Chegamos aonde sabíamos que iríamos chegar

Luciano De Biasi (*)

A greve dos caminhoneiros revelou um impasse entre os setores público e privado e os resultados desta paralização devem impactar diretamente a economia do país.

A crise que vivenciamos no Brasil, tendo como o cume a greve dos caminhoneiros, expôs para toda a sociedade o verdadeiro cenário no Brasil. Sem, engatar uma marcha sequer, os caminhoneiros nos entregaram a carga das mazelas fornecida pelo setor público brasileiro determinante para que chegássemos nessa situação de caótica.

Estamos hoje num impasse. Num ponto onde as forças produtivas do setor privado se chocam com as forças inertes do setor público.

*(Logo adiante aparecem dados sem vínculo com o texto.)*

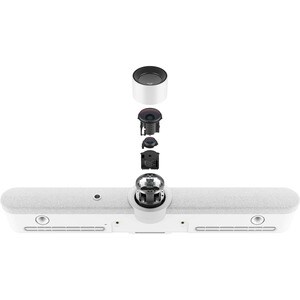 Logitech Rally Bar Video Conferencing Camera - 30 fps - White - USB 3.0 - 3840 x 2160 Video - 3x Digital Zoom - Microphone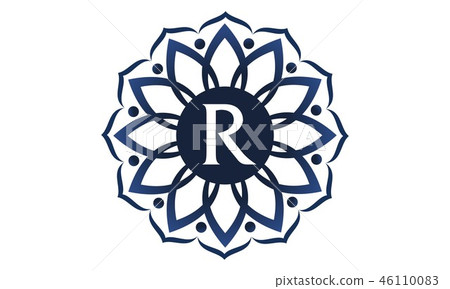 Flower Elegance Initial R Flower Elegance Initial R 46110083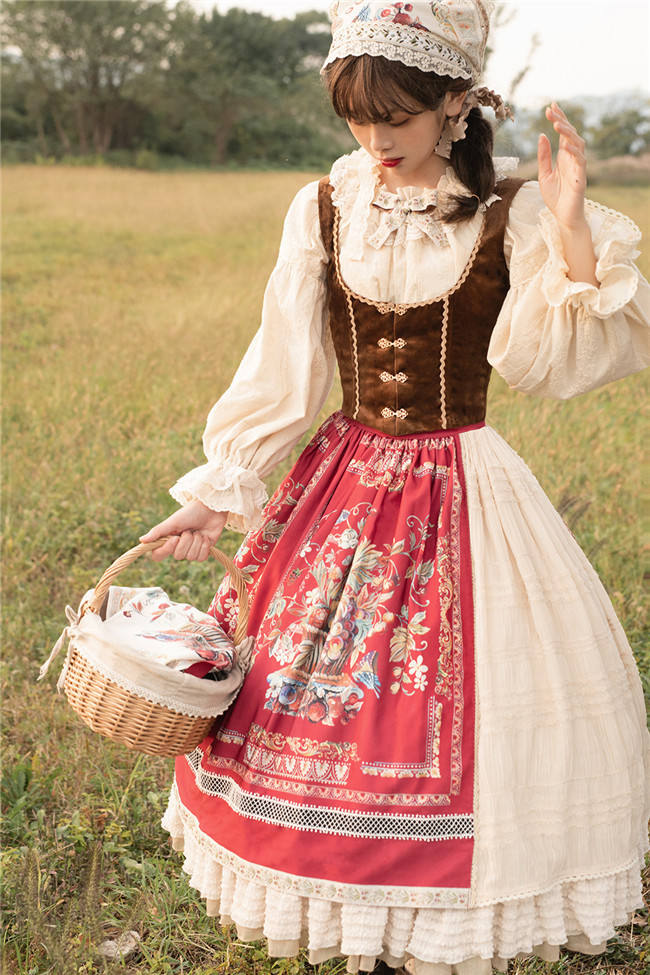 Miss Point ~The Song of Harvest Vintage Skirt -Pre-order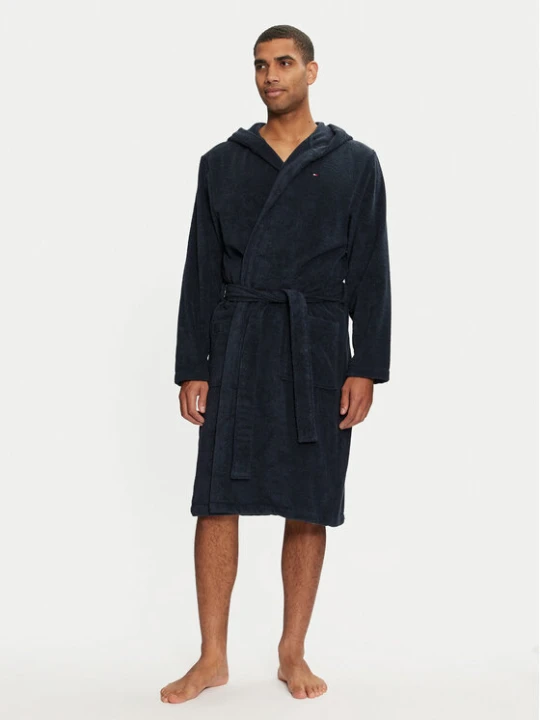 Zdjęcie produktu Tommy Hilfiger Szlafrok 2S87905573416 Granatowy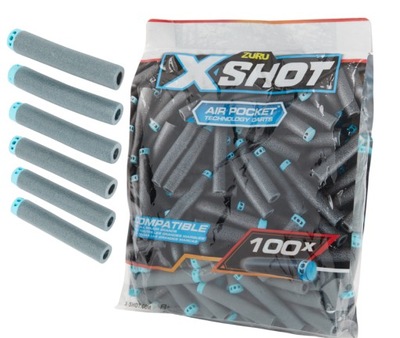Zuru X-SHOT zapasowe strzałki RZUTKI LOTKI 100 szt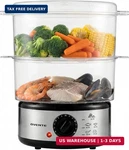 Ovente 2-TIER Electric Food Steamer, 5 Quart Stainless Steel Stackable Coo. Fixed Price $35.65.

Cada um com seus vetores de forças mirando em direções opostas impulsionados por interesses antagônicos. Ainda que se investigue os verdadeiros agentes dessa greve, é inegável que ela somente existiu graças à resultante do equilíbrio dessas forças que paralisou o País.

De um lado, o setor produtivo sendo cobrado por mais eficiência pelo mercado interno e pela concorrência mundial e, do outro lado, o pesado Estado corrupto, ineficiente, incapaz jogando no lombo da sociedade a conta impagável de suas benesses que não cabem mais num regime competitivo, dando em troca pouco que se aproveite.

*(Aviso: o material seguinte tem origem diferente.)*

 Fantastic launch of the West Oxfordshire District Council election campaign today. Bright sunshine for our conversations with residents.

O valor do diesel é apenas o fator evidente do pleito. O petróleo é uma commodity e não há como brigar contra o preço de mercado. Porém, vale lembrar que mais de 40% do preço dos combustíveis fósseis no Brasil é composto por tributos, assim como boa parte de demais produtos e serviços.

Além do mais, os caminhoneiros (ou ainda que se tratem das empresas de transportes) estão pleiteando também melhorias de infraestrutura, de condições de trabalhos; na carona nessa boleia foi também a maioria da sociedade brasileira que numa reação de Síndrome de Estocolmo, apoiou um movimento que lhe traria prejuízos no cotidiano imediato como forma de repúdio ao modelo da velha política que freia a economia do País.

O Brasil, estados e município têm, como suas principais fontes de arrecadação, tributos que incidem sobre o faturamento o que penaliza muito a cadeia produtiva. Cerca de 30% dos recursos arrecadados pela União vem do Pis e da Cofins incidentes preponderantemente sobre o faturamento das pessoas jurídicas. No Estados, temos ICMS, e os municípios gravam mais o ISS na conta. Todos esses tributos regidos por legislações confusas que geram inseguranças e altos custos de cumprimento aos contribuintes. Tudo isso para sustentarmos o paquiderme estatal.

O relatório de diagnóstico sobre os gastos públicos no Brasil, publicado, em 21 de novembro de 2017, pelo Banco Mundial, 35% dos benefícios da previdência vão para os 20% mais abonados, enquanto 40% dos mais pobres ficam com apenas 18%. Já aposentadoria do serviço público subtrai 2% do PIB. Ainda, segundo o relatório do Banco Mundial, os servidores federais percebem, em média, 67% a mais que os trabalhadores da iniciativa privada.

Enfim, o Banco Mundial aponta, nesse relatório, que o orçamento do Estado está engessado, altamente comprometido para custear a farra estatal deixando pouco espaço para custeio de serviços básicos e de investimentos que precisamos em infraestrutura para geração de riquezas e empregos.

Enfim, chegamos num do beco sem saída. A conta não fecha. Estamos num momento em que se torna inevitável que façamos as reformas, políticas, a previdenciária e a tributária; reformas essas que promovam a redução do tamanho do estado que asfixia nossa economia e pavimentem a estrada para o crescimento.

(*) - Formado em Ciências Contábeis pela FEA/USP, Mestre em Ciências Contábeis pela FECAP, é sócio-diretor da De Biasi Auditoria, Consultoria e Outsourcing.